What the exercise asks – None of the pictures should be copied, though every line of the listing must be printed exactly.

Data segment –
::::

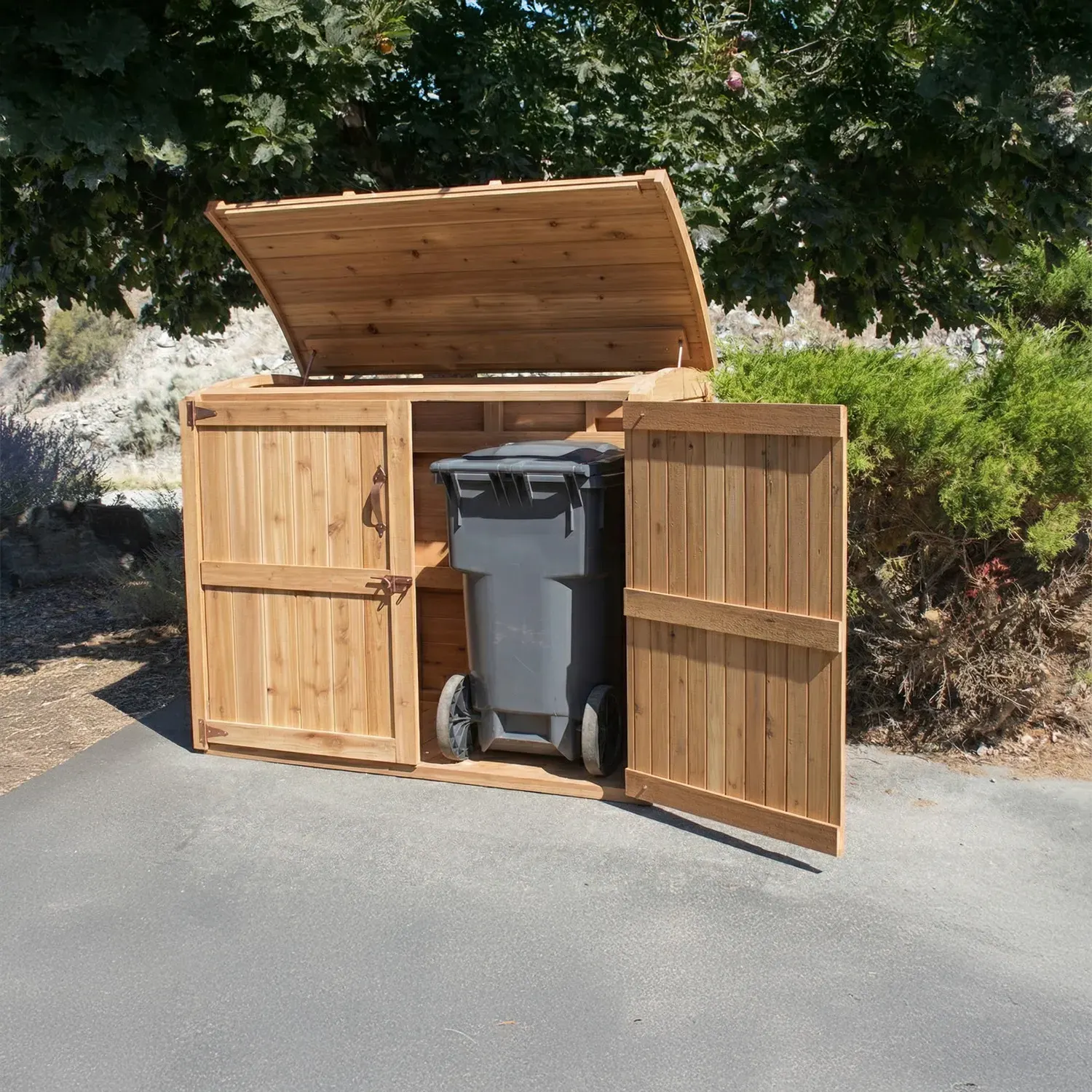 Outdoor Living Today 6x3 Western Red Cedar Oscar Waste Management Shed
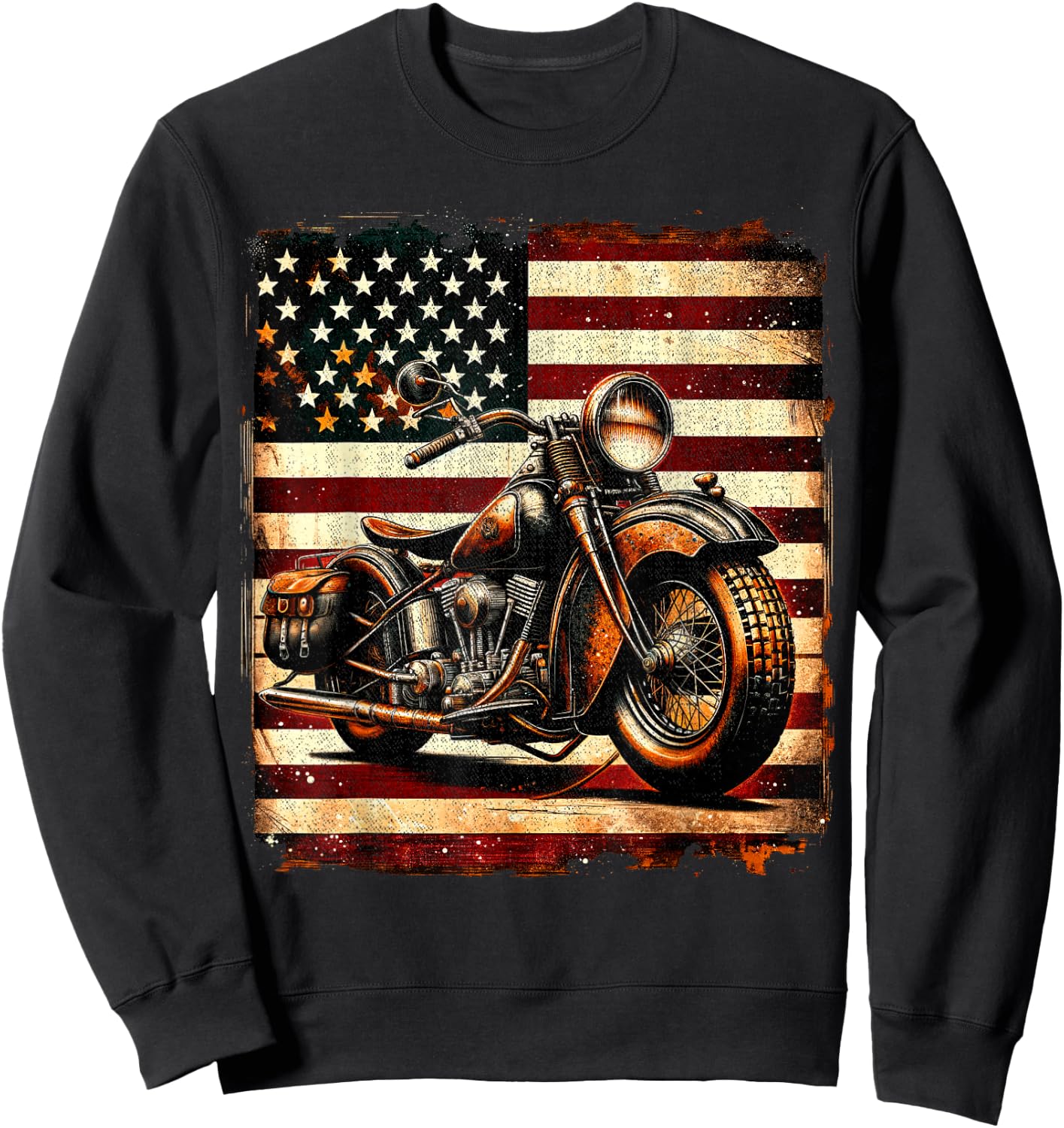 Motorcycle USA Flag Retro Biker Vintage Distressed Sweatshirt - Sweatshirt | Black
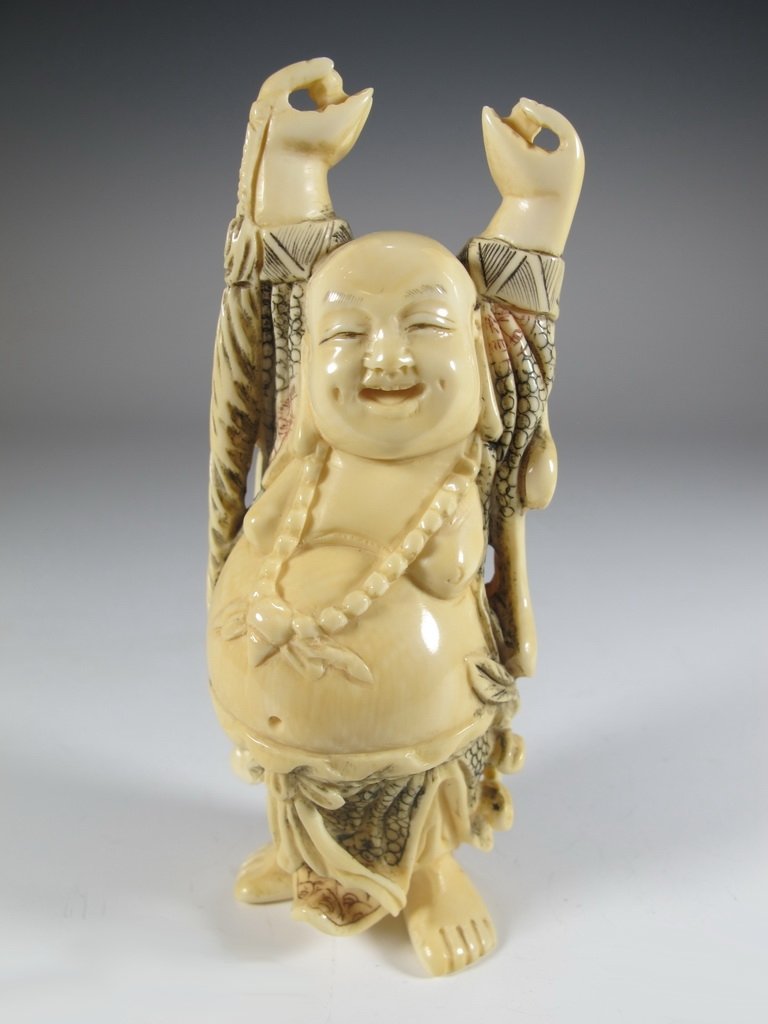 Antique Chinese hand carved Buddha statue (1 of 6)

::::

Task solution –
 Outdoor Living Today 6x3 Western Red Cedar Oscar Waste Management Shed
 Motorcycle USA Flag Retro Biker Vintage Distressed Sweatshirt - Sweatshirt | Black
 Antique Chinese hand carved Buddha statue (1 of 6)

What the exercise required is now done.